Many generative AI models use deep learning techniques such as artificial neural networks. But what are these?
TL:DR Artificial neural networks can easily be used to classify emulate connected neurons in a network, using numeric inputs rather than electrochemical signals to ‘learn’ the best path through the network by repeatedly passing inputs and adjusting weights and biases on those inputs until the best output results are achieved.
Part two of this article described an artificial neural network. How does it learn from data in order to make predications on new data?
Let’s take a basic example used in many online posts; classifying the species of a penguin.
Three main species of penguins found in the genus Pygoscelis are Gentoo, Adelie and Chinstrap penguins. These are three outputs from our network.
We will have four inputs into our network: weight, height, flipper length and beak length. Here’s a comparison in a table.

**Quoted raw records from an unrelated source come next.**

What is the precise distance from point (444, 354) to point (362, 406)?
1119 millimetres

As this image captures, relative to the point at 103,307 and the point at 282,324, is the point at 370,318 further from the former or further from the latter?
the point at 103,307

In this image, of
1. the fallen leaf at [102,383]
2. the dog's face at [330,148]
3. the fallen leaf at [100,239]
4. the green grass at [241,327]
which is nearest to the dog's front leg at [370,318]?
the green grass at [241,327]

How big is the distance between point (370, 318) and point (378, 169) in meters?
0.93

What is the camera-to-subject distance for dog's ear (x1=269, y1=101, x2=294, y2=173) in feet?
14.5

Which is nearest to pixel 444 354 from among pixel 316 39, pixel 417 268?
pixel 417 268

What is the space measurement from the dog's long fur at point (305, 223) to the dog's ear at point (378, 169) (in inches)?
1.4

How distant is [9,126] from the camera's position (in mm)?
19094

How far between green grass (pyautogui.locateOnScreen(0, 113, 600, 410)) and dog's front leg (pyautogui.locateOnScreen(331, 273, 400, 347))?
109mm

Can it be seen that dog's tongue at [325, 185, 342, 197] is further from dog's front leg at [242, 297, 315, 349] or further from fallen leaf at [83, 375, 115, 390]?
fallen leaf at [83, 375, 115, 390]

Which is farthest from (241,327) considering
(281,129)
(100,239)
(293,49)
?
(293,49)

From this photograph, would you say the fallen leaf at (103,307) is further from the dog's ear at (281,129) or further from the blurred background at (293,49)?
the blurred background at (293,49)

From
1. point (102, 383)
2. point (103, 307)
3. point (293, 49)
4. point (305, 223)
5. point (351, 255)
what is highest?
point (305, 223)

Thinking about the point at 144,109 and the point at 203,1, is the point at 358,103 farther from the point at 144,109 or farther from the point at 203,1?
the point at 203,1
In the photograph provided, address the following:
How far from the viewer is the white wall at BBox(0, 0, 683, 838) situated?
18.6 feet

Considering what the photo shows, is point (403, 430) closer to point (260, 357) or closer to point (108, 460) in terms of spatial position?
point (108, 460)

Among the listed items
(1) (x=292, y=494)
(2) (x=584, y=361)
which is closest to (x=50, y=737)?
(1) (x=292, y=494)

If I gave you the following characteristics for a penguin named Bob:
Weight: 7 kg
Height: 85 cm
Flipper Length: 22 cm
Beak Length: 55 mm
You might conclude Bob is a Gentoo and you’d probably be correct. Well done; you are a machine learning model that is predicting according to probabilities.
When we train a model, known species of penguins along with values for these inputs are provided. The model repeatedly traverses the network (and we can specify how many layers we want) learning the rules and adjusting the weights each time. For the values above, if the output had predicted Chinstrap, the validation would have indicated a large error (loss in machine learning terms) and the weights would be adjusted in subsequent runs to try to be correct in more predications (minimise the loss).

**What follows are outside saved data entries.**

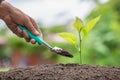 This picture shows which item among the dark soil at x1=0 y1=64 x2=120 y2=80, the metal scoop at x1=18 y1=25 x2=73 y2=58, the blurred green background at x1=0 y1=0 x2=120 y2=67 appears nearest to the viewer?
the dark soil at x1=0 y1=64 x2=120 y2=80

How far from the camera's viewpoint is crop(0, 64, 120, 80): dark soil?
60.0 inches

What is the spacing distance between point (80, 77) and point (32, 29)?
433 mm

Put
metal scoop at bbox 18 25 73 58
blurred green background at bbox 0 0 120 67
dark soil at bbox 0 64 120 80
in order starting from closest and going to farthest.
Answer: dark soil at bbox 0 64 120 80, metal scoop at bbox 18 25 73 58, blurred green background at bbox 0 0 120 67

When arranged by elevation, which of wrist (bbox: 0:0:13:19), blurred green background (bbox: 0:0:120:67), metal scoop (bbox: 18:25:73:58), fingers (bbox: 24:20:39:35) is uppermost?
blurred green background (bbox: 0:0:120:67)

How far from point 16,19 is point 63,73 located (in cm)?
42

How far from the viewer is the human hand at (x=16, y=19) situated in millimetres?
1852

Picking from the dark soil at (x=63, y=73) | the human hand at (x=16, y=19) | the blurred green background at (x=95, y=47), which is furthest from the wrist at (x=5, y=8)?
the blurred green background at (x=95, y=47)

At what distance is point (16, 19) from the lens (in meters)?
1.88

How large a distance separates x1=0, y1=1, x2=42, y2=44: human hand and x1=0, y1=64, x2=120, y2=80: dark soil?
20cm

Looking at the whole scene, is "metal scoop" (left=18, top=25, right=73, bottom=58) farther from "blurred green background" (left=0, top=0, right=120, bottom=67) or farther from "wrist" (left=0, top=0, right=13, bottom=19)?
"blurred green background" (left=0, top=0, right=120, bottom=67)

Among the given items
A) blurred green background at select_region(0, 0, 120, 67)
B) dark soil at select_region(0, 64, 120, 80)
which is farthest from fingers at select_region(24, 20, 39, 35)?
blurred green background at select_region(0, 0, 120, 67)

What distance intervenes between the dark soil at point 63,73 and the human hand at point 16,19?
20 centimetres

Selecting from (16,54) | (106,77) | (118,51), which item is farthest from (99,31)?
(106,77)

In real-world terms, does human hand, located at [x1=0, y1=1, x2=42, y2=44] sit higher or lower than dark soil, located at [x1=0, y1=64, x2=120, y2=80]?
higher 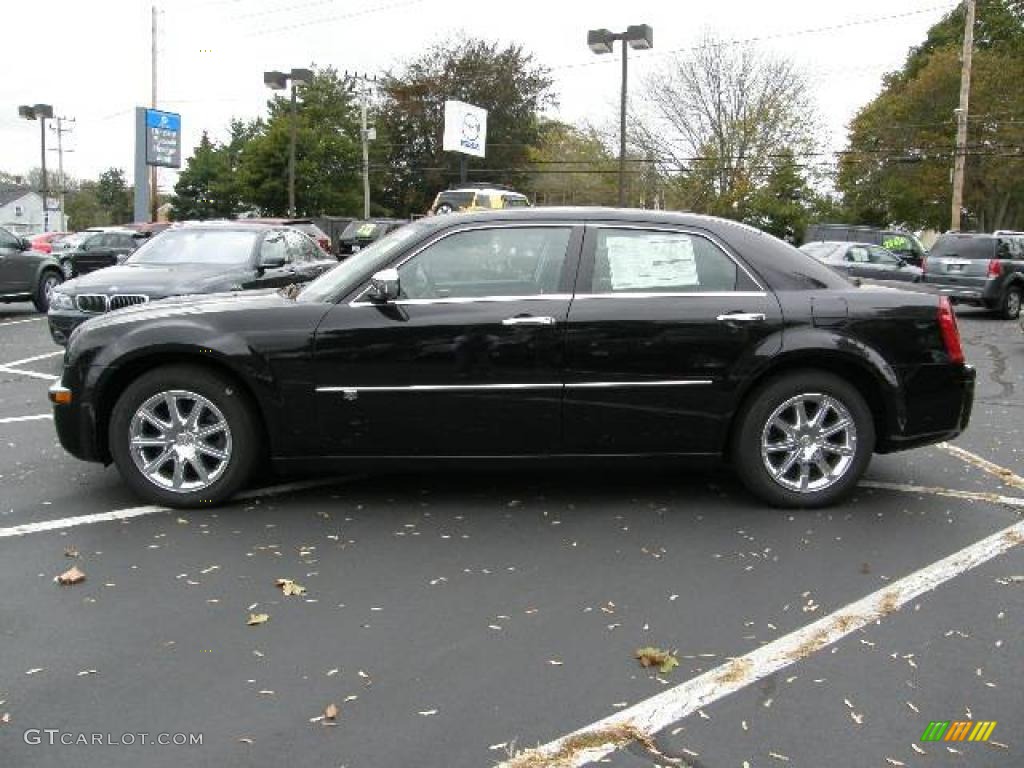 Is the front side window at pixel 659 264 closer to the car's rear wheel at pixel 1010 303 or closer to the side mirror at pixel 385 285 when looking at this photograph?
the side mirror at pixel 385 285

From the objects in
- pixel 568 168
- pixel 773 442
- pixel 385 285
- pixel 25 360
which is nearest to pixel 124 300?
pixel 25 360

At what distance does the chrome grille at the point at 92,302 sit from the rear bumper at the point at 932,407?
7466 millimetres

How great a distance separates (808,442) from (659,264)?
1269 millimetres

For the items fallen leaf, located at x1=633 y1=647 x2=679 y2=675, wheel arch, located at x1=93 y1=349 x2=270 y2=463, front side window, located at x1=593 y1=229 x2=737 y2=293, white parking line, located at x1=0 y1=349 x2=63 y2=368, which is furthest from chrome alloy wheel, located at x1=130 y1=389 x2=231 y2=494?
white parking line, located at x1=0 y1=349 x2=63 y2=368

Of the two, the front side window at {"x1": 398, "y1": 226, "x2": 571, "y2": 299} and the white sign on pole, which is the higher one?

When predicting a Gentoo penguin, the characteristic with the most weight is typically height. Gentoo penguins are notably taller than Adelie and Chinstrap penguins and the model might learn that as a significant input.
Now let’s take another well-known example. The MNIST (Modified National Institute of Standards and Technology) database is a collection of 70,000 images of handwritten digits, ranging from 0 to 9. Each image is a 28×28 pixel grayscale picture.

An artificial neural network to predict the most probable number from a handwritten image could have 784 inputs (28×28 pixels) and as we want to classify the number, we have 10 outputs (0-9).
Each pixel has a value between 0 and 255 to indicate the shade of grey. 0 represents pure white and 255 represents pure black. The model might infer any pixel with a value higher than 200 is considered dark enough to be part of the handwritten digit.
Any pixels over on the left hand side of the 28×28 image means the output number is probably not going to be a 1.
Inputs will travel through the layers of connected artificial neurons and if a neuron receives enough inputs to exceed its threshold, then it in turn will fire an output to the next layer down. If the inputs are not significant enough to exceed the threshold, the neuron will not emit an output and that path will end.

(https://imarticus.org/blog/wp-content/uploads/2020/04/deep.gif)
In this way, the number of paths and thus the number of possible outputs reduce until we arrive at the most probable predication. Whether it’s correct or not is another matter.